▶ [Your objective]: Give back the whole listing exactly as written, leaving out each picture.

▶ [Raw data]:
○ ○ ○

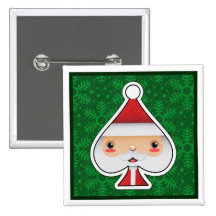 Pelle de Père Noël - bouton Badges Avec Agrafe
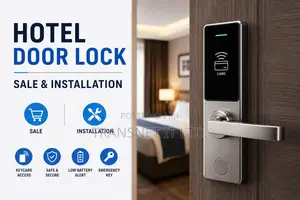 Hotel Door Lock Sale Installation, Configuration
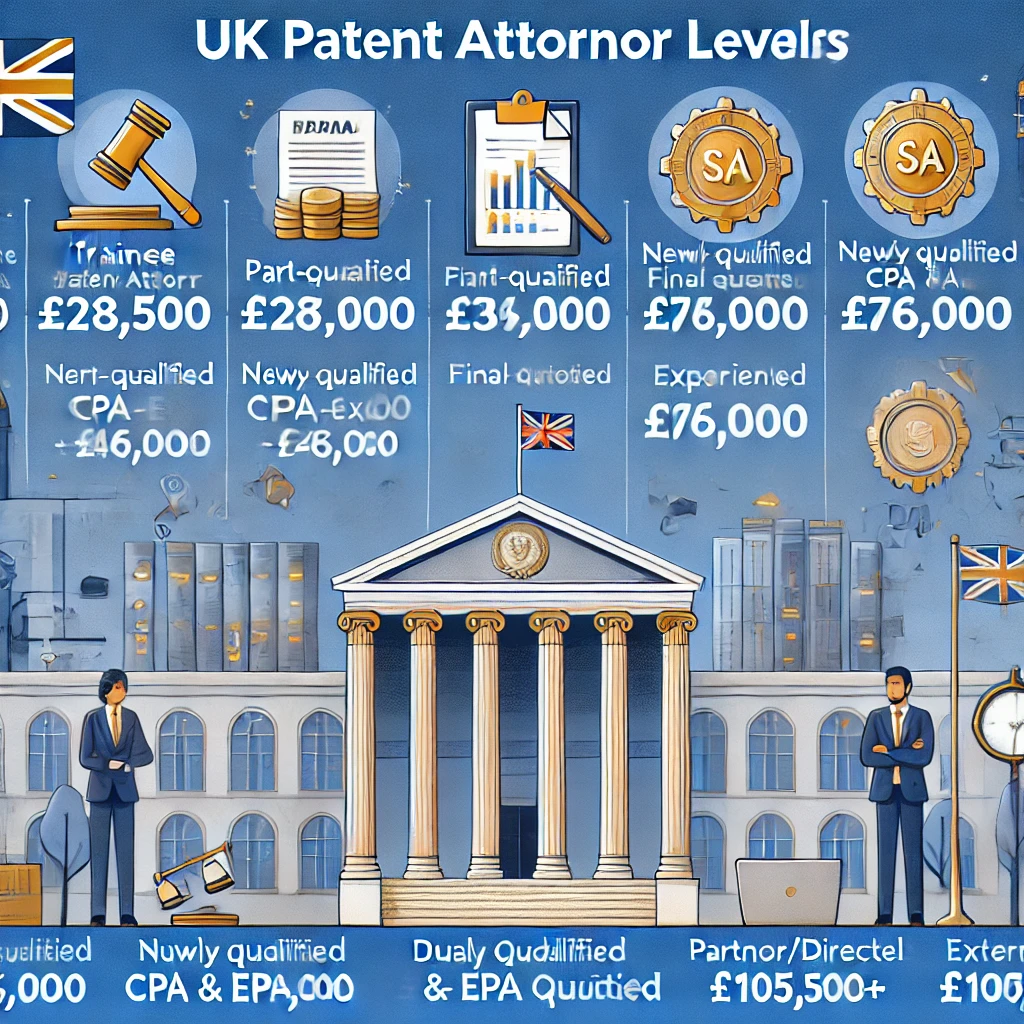 Patent Attorney Salary in the UK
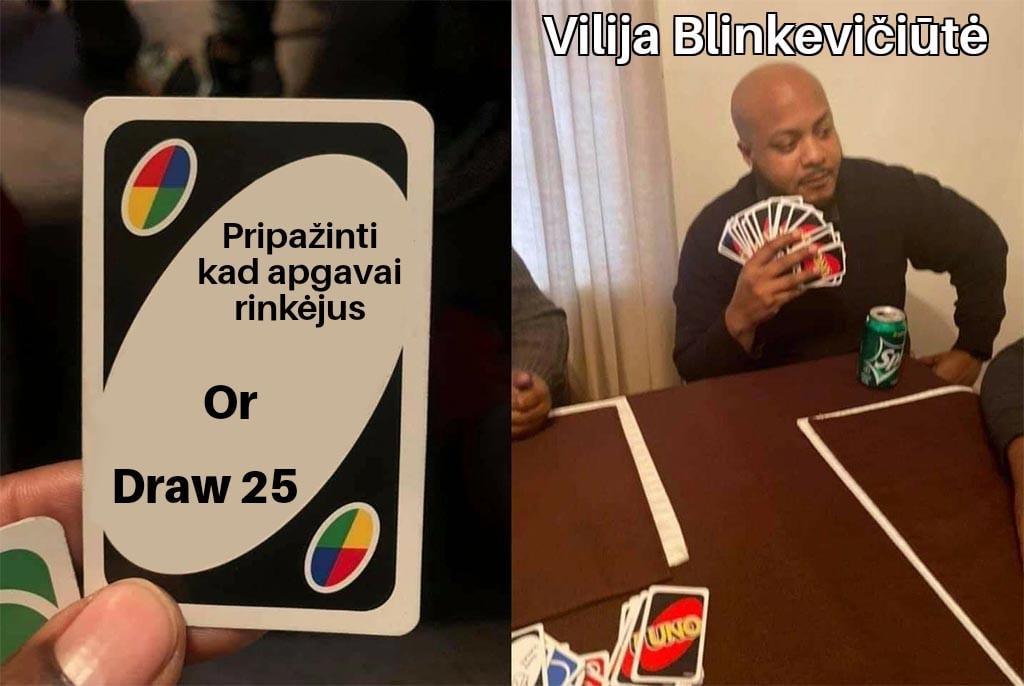 V. Blinkevičiūtė be like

○ ○ ○

▶ [Exercise solution]:
 Pelle de Père Noël - bouton Badges Avec Agrafe
 Hotel Door Lock Sale Installation, Configuration
 Patent Attorney Salary in the UK
 V. Blinkevičiūtė be like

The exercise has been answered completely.